Restate every line below word for word, but drop each picture.

--- GIVEN INFORMATION Enclosed Below ---

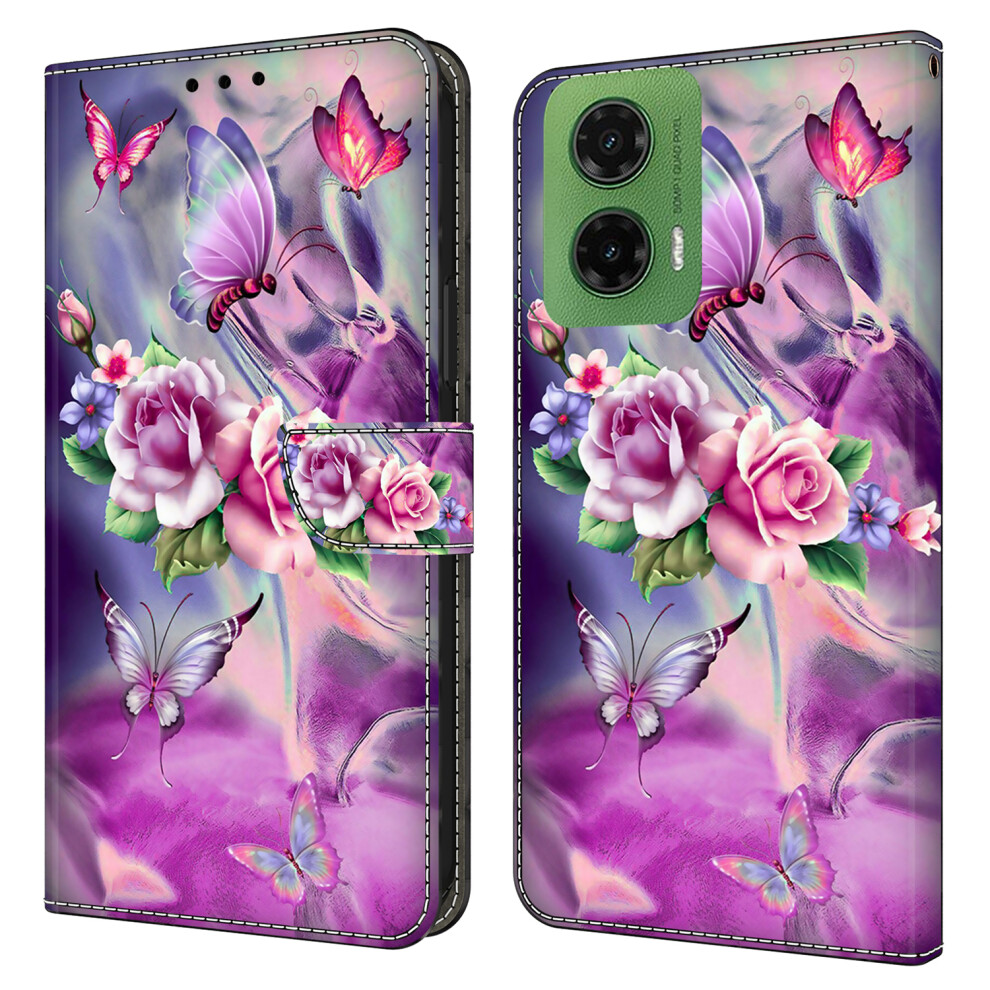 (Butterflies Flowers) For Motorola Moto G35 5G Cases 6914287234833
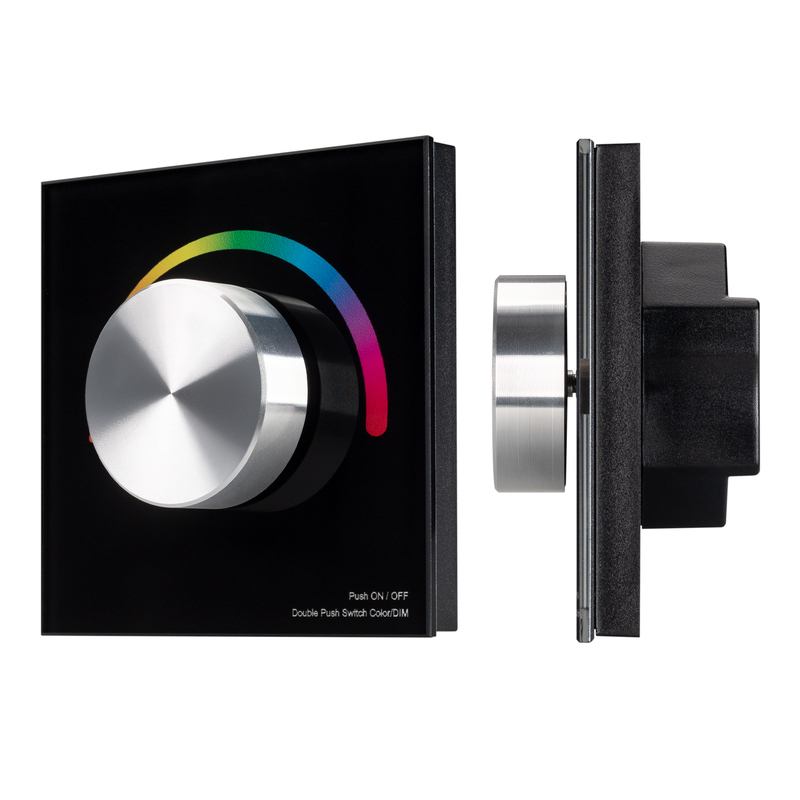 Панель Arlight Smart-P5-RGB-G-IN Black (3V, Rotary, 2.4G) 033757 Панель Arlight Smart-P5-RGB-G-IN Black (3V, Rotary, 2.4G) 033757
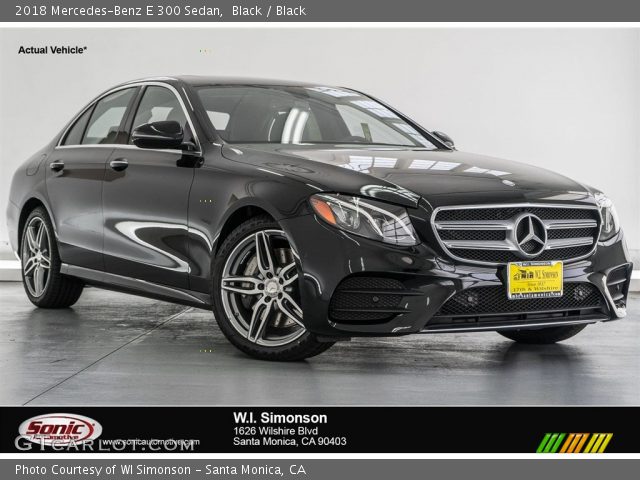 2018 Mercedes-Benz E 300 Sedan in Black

--- End of Enclosed GIVEN INFORMATION ---

# SOLUTION TO THIS PROBLEM:
 (Butterflies Flowers) For Motorola Moto G35 5G Cases 6914287234833
 Панель Arlight Smart-P5-RGB-G-IN Black (3V, Rotary, 2.4G) 033757 Панель Arlight Smart-P5-RGB-G-IN Black (3V, Rotary, 2.4G) 033757
 2018 Mercedes-Benz E 300 Sedan in Black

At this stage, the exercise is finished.